One of the earliest problems I ran into when designing DebriefSales's scoring model was variance. Ask a large language model to score a sales call transcript and you will get a good answer. Ask it again with the same transcript and you will get a slightly different answer. Ask it a third time and the scores might have drifted enough to matter.
This is a fundamental property of how language models work. They are probabilistic, not deterministic. That is fine for generating coaching feedback — some natural variation in language is acceptable and even desirable. But it is not acceptable for scoring. If a rep scores 7.2 on a discovery call today and re-uploads the same call tomorrow and gets 6.8, the tool has lost credibility. Scores need to mean something stable.

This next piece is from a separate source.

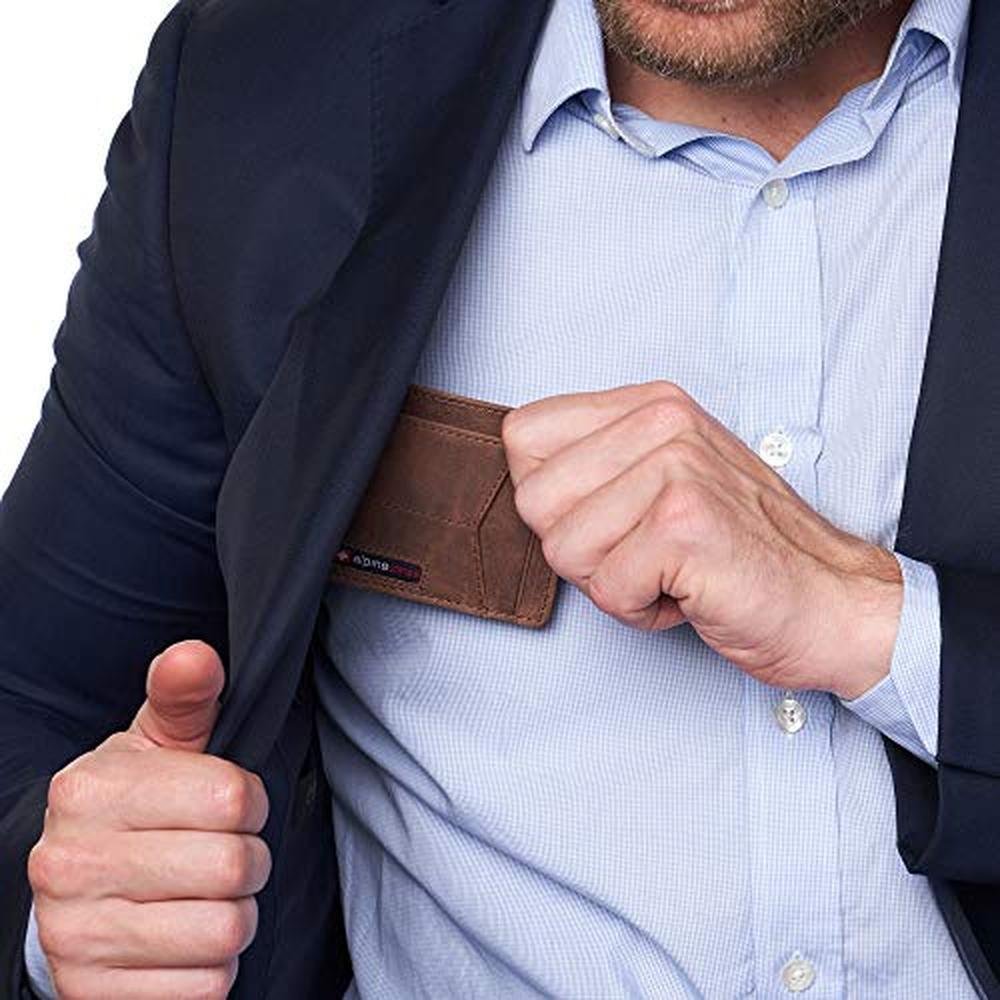 Alpine Swiss: RFID Minimalist Oliver Front Pocket Wallet – Close-up Detail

The naive approach and why it fails
The obvious solution is to just prompt the model to be consistent. "Score this call on a scale of 1 to 10. Be precise and consistent." This helps, but it does not solve the problem. The model is still making subjective judgements about how to weight different elements of the call, and those judgements shift slightly with each inference.

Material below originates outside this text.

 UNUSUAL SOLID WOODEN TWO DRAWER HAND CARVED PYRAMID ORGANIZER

The other naive approach is to set temperature to zero — the parameter that controls how random a model's outputs are. This produces more deterministic outputs, but it also makes the coaching language mechanical and repetitive. Reps stop reading it because it sounds the same every time.
Neither approach gives you what you actually want: consistent, defensible scores and varied, engaging coaching feedback.
The two-stage solution
The architecture we use in DebriefSales separates these two requirements into two distinct AI passes:
Stage 1: Structured evidence extraction
- The model reads the transcript and extracts specific, factual observations
- It identifies whether specific behaviours occurred — did the rep ask an open question in the first two minutes? Did they confirm a next step before ending the call?
- Outputs are structured JSON: binary flags and evidence quotes, not scores
- Temperature is low. The task is factual extraction, not generation.
Stage 2: Scoring and coaching generation
- The model receives the structured evidence from Stage 1 — not the raw transcript
- Scores are calculated from the evidence flags using a defined rubric, not inferred from the transcript directly
- Coaching language is generated from the scored evidence with normal temperature, producing natural variation
- The score is deterministic. The coaching feedback is generated.
The key insight is that by separating what happened on the call (factual extraction) from what it means (scoring and coaching), you can apply deterministic logic to the scoring step while leaving the language generation free to be expressive.
The practical impact
Since moving to this architecture, score variance across duplicate submissions of the same call has dropped to within 0.1 points in the vast majority of cases. The coaching feedback remains varied and natural because it is generated, not retrieved.
This is not a novel idea in AI system design — it is a standard pattern for any application where you need reliable outputs from a probabilistic model. But applying it to call scoring specifically required rethinking the prompt architecture considerably, and the result is a system that earns rep trust in a way that single-pass scoring does not.
If you are building a product that uses AI for evaluation rather than generation, this separation of concerns is probably the most important architectural decision you will make.